The first day passed and it was everything I had expected. The feeling of not knowing anyone, not being able to find a place to sit at lunch, getting lost on the way to the next class. I assured him that everyone felt that way and they would sort themselves out. Sure enough, they did. He found a place to sit at lunch, and he is an expert at hallway navigation.
Last month, however, something happened. A girl pushed his books off of his table and onto the floor. Kayden, embarrassed and upset, picked up the books and came home a bit defeated. Junior High is hard. Even when you think you’ve found a friend, it still feels lonely and these pre-teens are not the best at seeing past their own noses. It’s a whole bunch of looking out for numero uno and fitting in at any cost (and at anyone’s expense).
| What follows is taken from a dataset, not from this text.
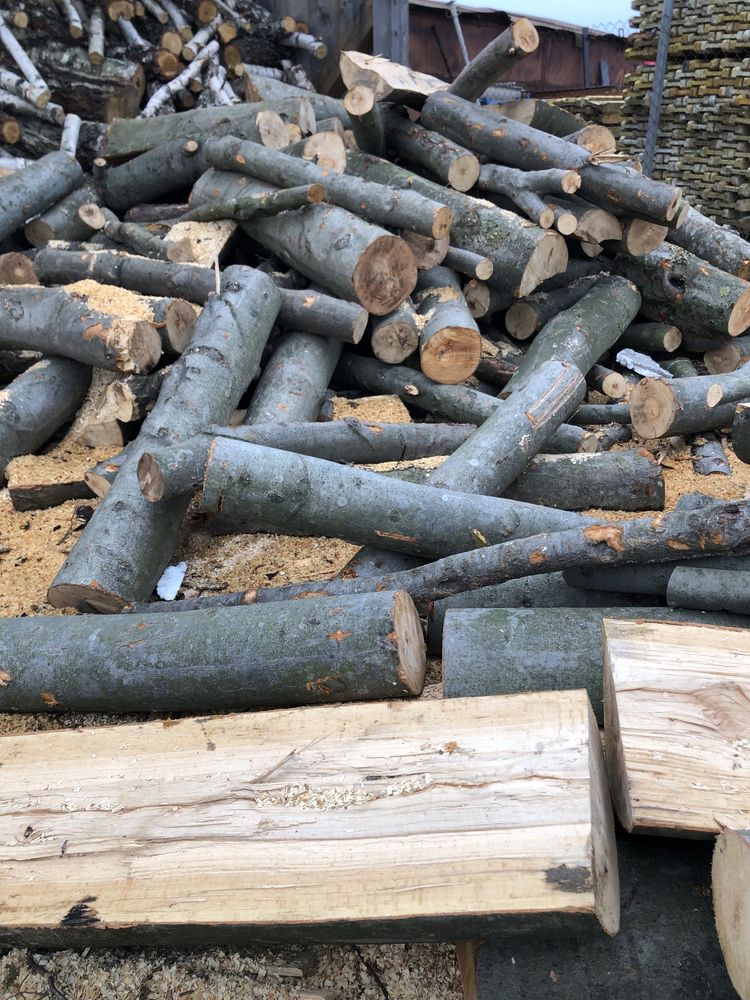 Продам дрова бук дуб граб береза від 1100грн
Kayden and I talked about talking to the girl who pushed his books over. I told him she might be going through something at home… fighting parents, mean older brothers, and she might be lashing out. I told him he can ask her if there was something he did that made her upset at him and then try to reasonably sort it out. We talked about how it made him feel and how he can handle it if she ever came after him again.
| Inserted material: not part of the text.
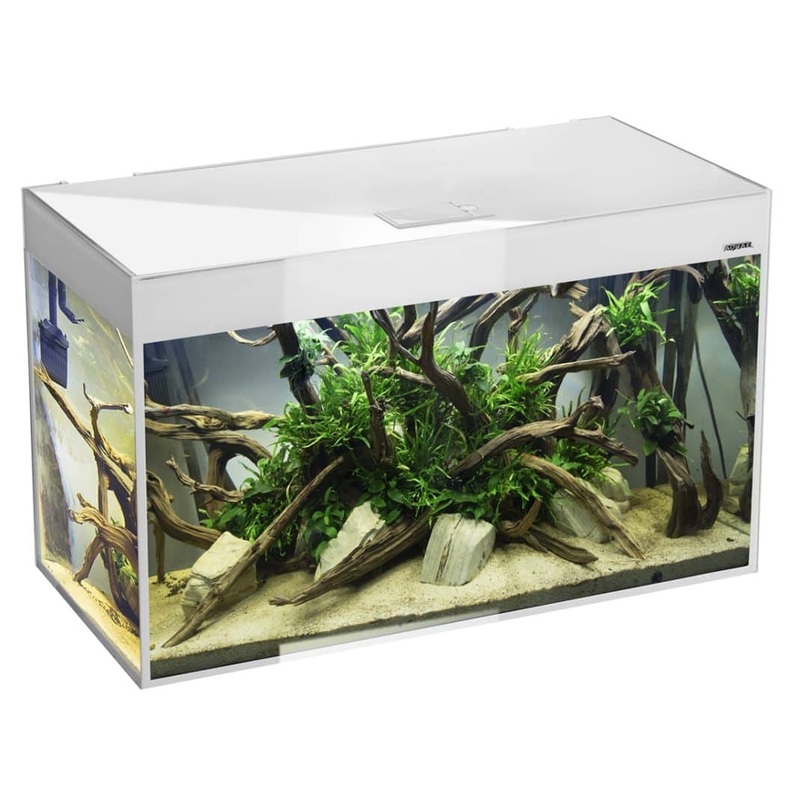 Aquael Glossy 80 White Aquarium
What he really needed, in that moment, was for someone to see. Someone to see what had happened, walk over, tell Kayden it was okay and help him pick up his books. But that isn’t the world of Junior High, is it?
Then it occurred to me: Kayden could be that guy.
I told Kayden,
“Every junior high has ONE kid. One kid who isn’t there for himself. One kid who helps you pick up your books. The guy who always stops to say hi. The guy who sees a kid wandering around aimlessly and offers to help him find his classroom. Or who sees someone with no place to sit for lunch and invites him to sit at his table. BE THAT KID.”
After all, once Kayden found a table to sit at at lunch, it never occurred to him to look around and see if anyone else was desperately looking for a place to sit. Not because he’s unkind or rude, but because it just didn’t occur to him. The same can be said for so many of us. Once our own problems are solved, we never think to extend those solutions to our peers.
“You have to be to others what you yourself needs.”
And once the words left my mouth, for the first time, I understood that quote, “Be the change you want to see in the world.”
What is the change you want to see in the photography industry? What do you need from others? Do you wish that more people gave a damn about your photography on Instagram? If that’s the case, go give a damn about someone else’s photography! Chances are, you’re not the only one that feels the way you feel or who needs the things you need! Do you need encouragement? Go give encouragement to someone else! Do you need someone to talk to you at a networking event? Go talk to the girl standing on the wall looking uncomfortable! If we ALL did this, we would ALL feel taken care of, we would ALL feel encouraged and seen and valued.
Hey. Do you mind if I tell you a story? One you might not have heard. All the elements in your body were forged many many millions of years ago in the heart of a faraway star that exploded and died. That explosion scattered those elements across the desolations of deep space. After so, so many millions of years, these elements came together to form new stars and new planets. And on and on it went. The elements came together and burst apart, forming shoes and ships and sealing wax and cabbages and kings. Until, eventually, they came together to make you. You are unique in the universe. There is only one of you. And there will never be another.